Problem statement:
Quote exactly the lines from the one with "Sassafras Chic Black" to the end of the data, both included; omit the pictures.

-- Task material follows --

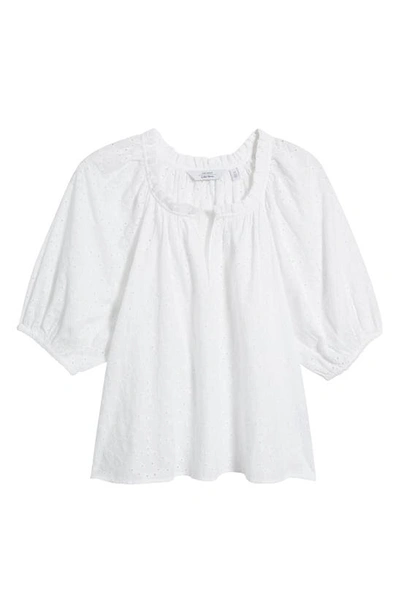 Shop & Other Stories Eyelet Cotton Popover Blouse In White Embroidery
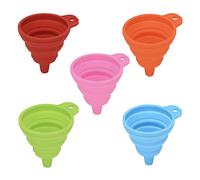 JZK 5X Entonnoir Pliable, Ensemble épaississant en Silicone Entonnoir en Gel, trémie Pliable en Silicone, Petit Entonnoir Pliant pour Cuisine, Liquide, Huile, Poudre (Rouge, Vert, Orange, Bleu, Rose)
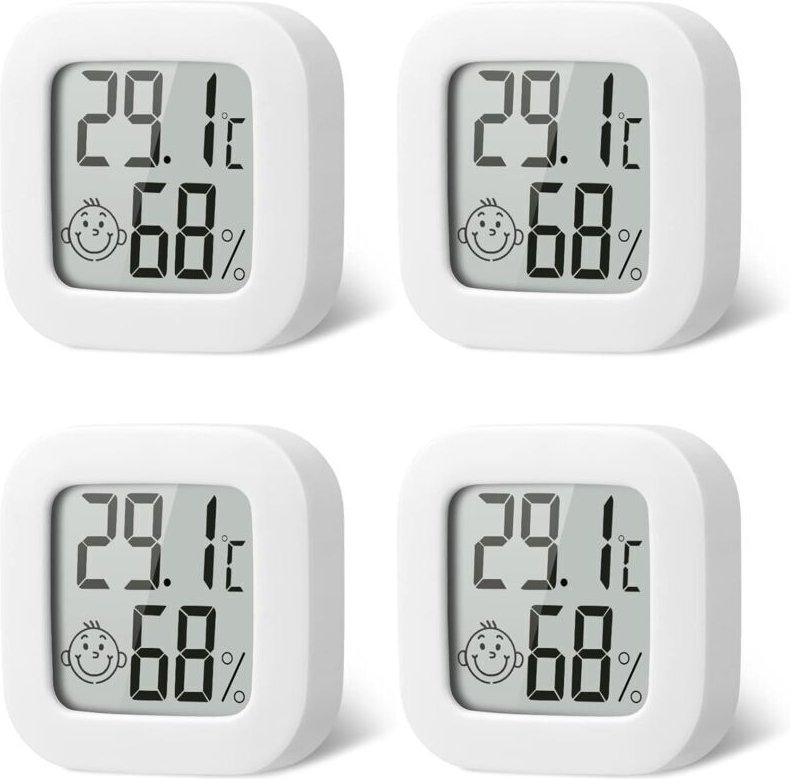YMYNY 4 Stück Innenthermometer Mini Thermometer Hygrometer Hochpräziser Temperatur- und Feuchtigkeitsmonitor mit Komfort...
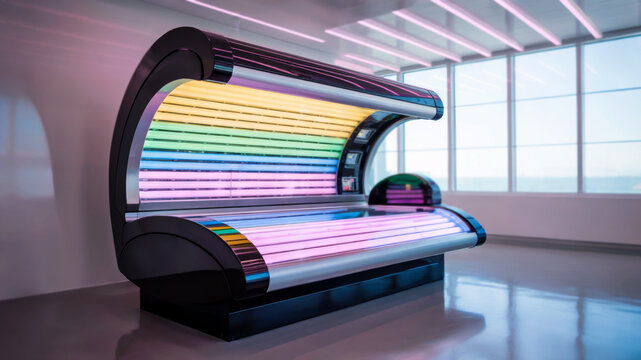 Futuristic collarium in a modern beauty studio, stylish design and soft glow highlight advanced skincare technology, concept of beauty care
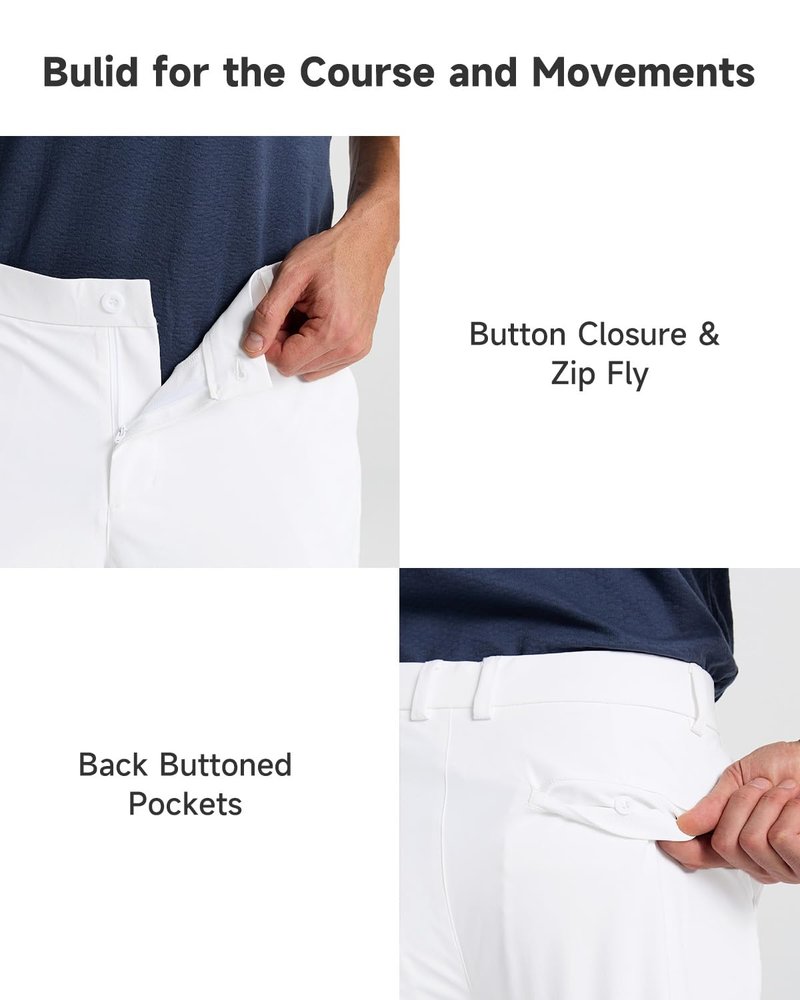SNOWTEN Mens Slacks for Men, Classic Fit Golf Pants for Men, Stretch Dress Pants Men 32" Quick Dry Lightweight, Pockets Pure White 34w × 32L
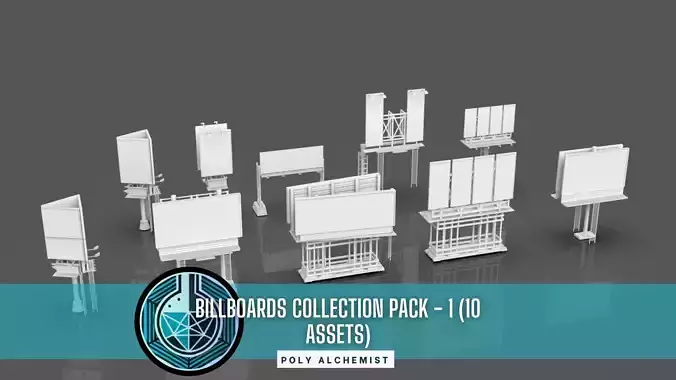 Advertisement And Street Billboards Pack - 1 - 10 Assets 3D model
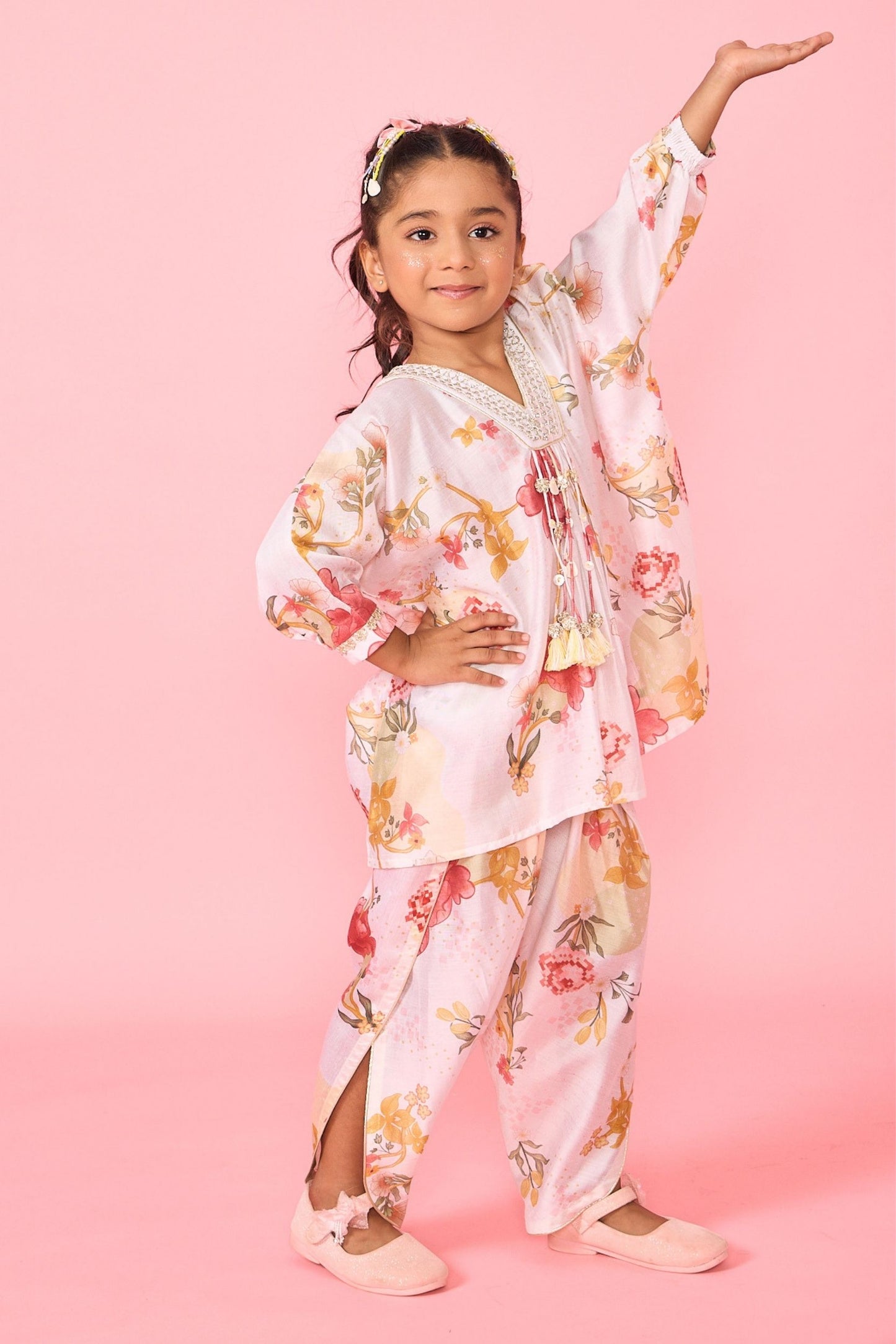 White Makrana Girls Embellished V-Neck Tunic & Trouser Coord ( 2 Pc Set)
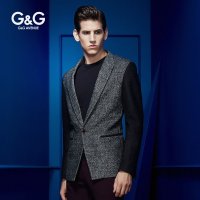 G&G 秋季修身拼接小西装男商务休闲男士外套时尚单西男士西服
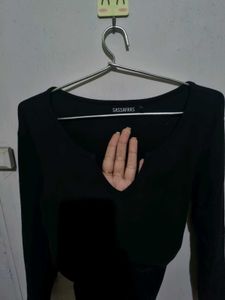 Sassafras Chic Black Cutout Sweetheart Neck Top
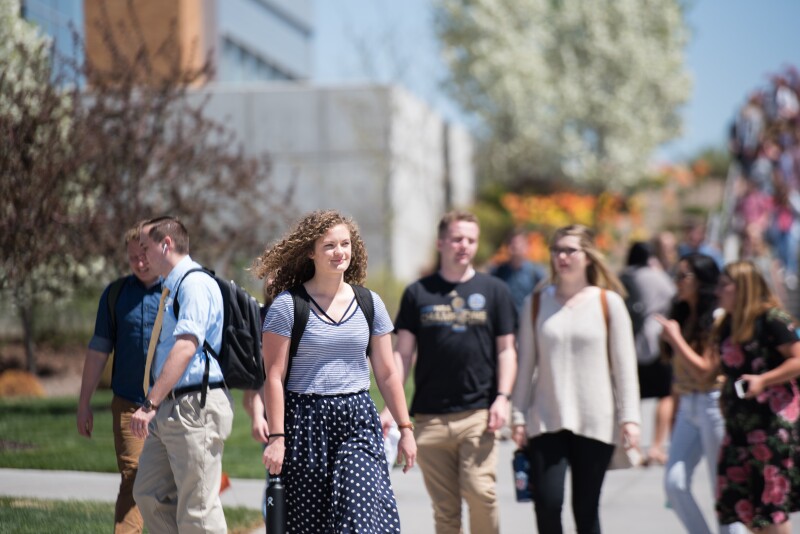 BYUI students walking on the streets on campus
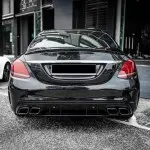 C63 išvaizdos Galinio bamperio Difuzorius + Antgaliai, komplektas skirtas Mercedes W205 / S205 (14-21) AMG-line, juodas blizgus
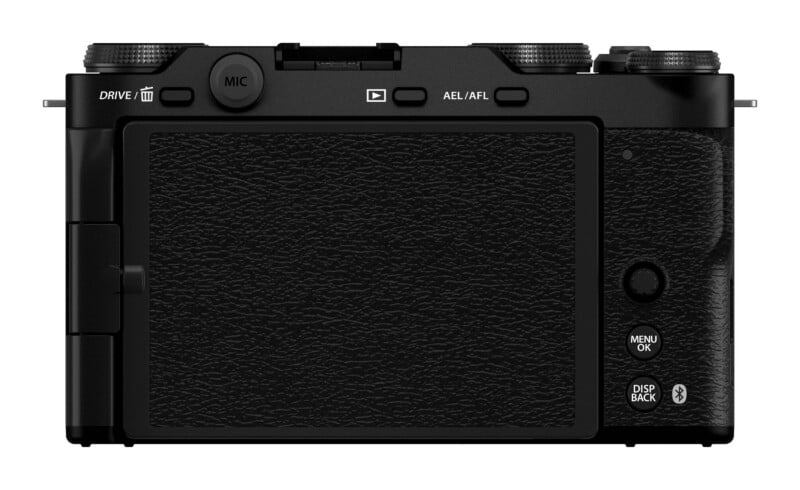 The back of a black digital camera featuring a large screen, a microphone port, and various control buttons labeled Drive, Playback, AEL/AFL, Menu/OK, and Disp/Back.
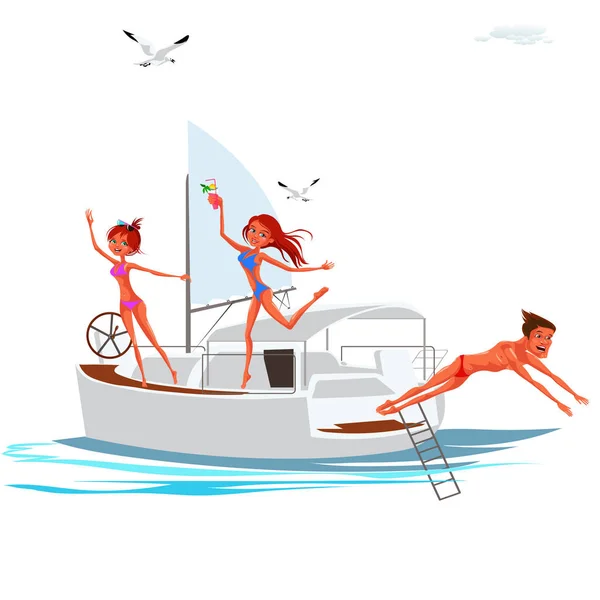 Cartoon company having fun on luxury yacht — Stock Vector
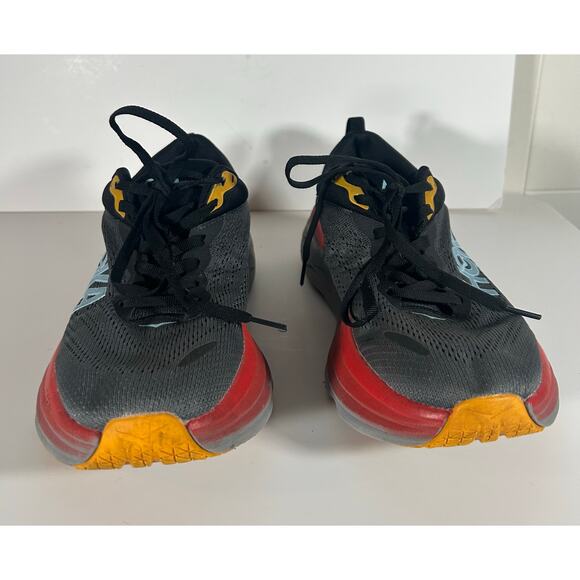 Hoka One One Bondi 8 Shoes Men 9.5 D Gray Black Red Running Sneakers Athletic - Picture 3 of 11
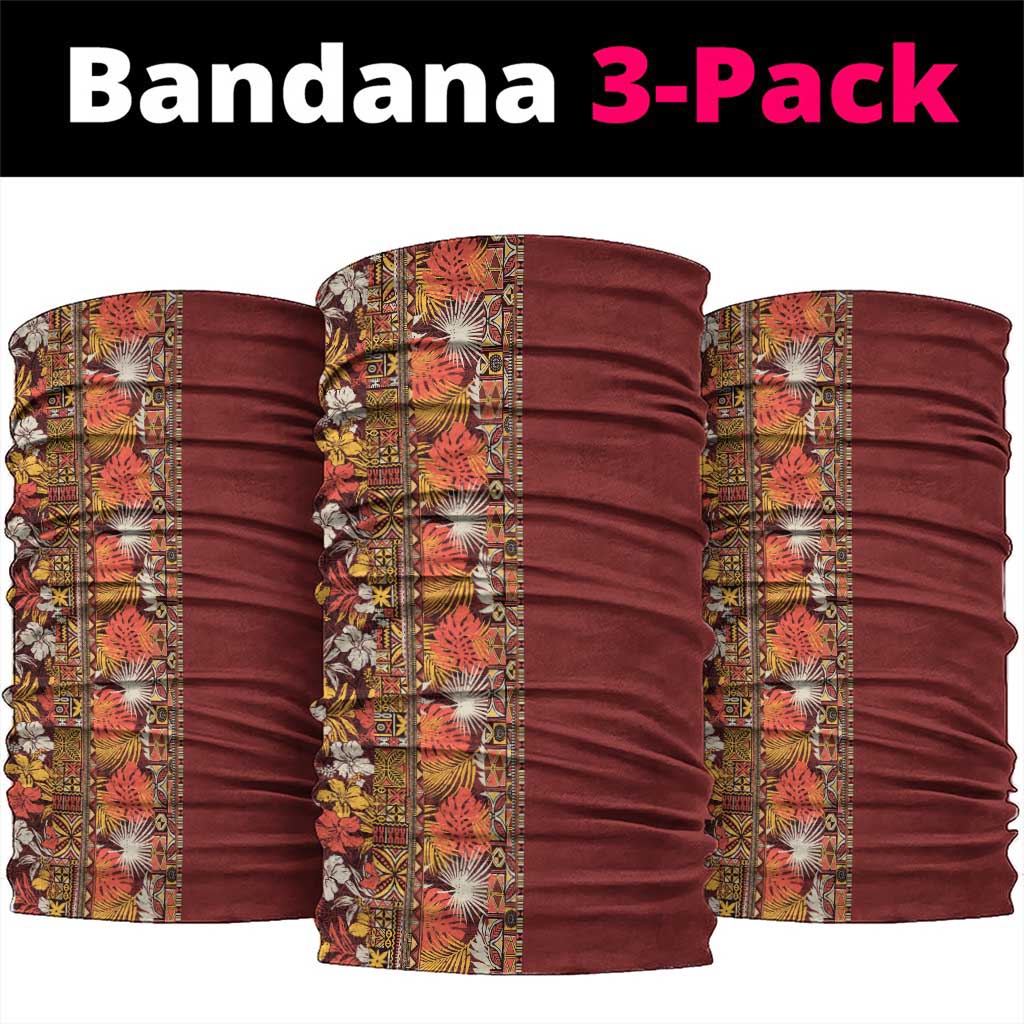 Hawaiian Tribal Elements Hibiscus Neck Gaiter Red Pattern LT9 package One Size: 25*50cm Red - Polynesian Pride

-- Task material concluded --

Your response:
 Sassafras Chic Black Cutout Sweetheart Neck Top
 BYUI students walking on the streets on campus
 C63 išvaizdos Galinio bamperio Difuzorius + Antgaliai, komplektas skirtas Mercedes W205 / S205 (14-21) AMG-line, juodas blizgus
 The back of a black digital camera featuring a large screen, a microphone port, and various control buttons labeled Drive, Playback, AEL/AFL, Menu/OK, and Disp/Back.
 Cartoon company having fun on luxury yacht — Stock Vector
 Hoka One One Bondi 8 Shoes Men 9.5 D Gray Black Red Running Sneakers Athletic - Picture 3 of 11
 Hawaiian Tribal Elements Hibiscus Neck Gaiter Red Pattern LT9 package One Size: 25*50cm Red - Polynesian Pride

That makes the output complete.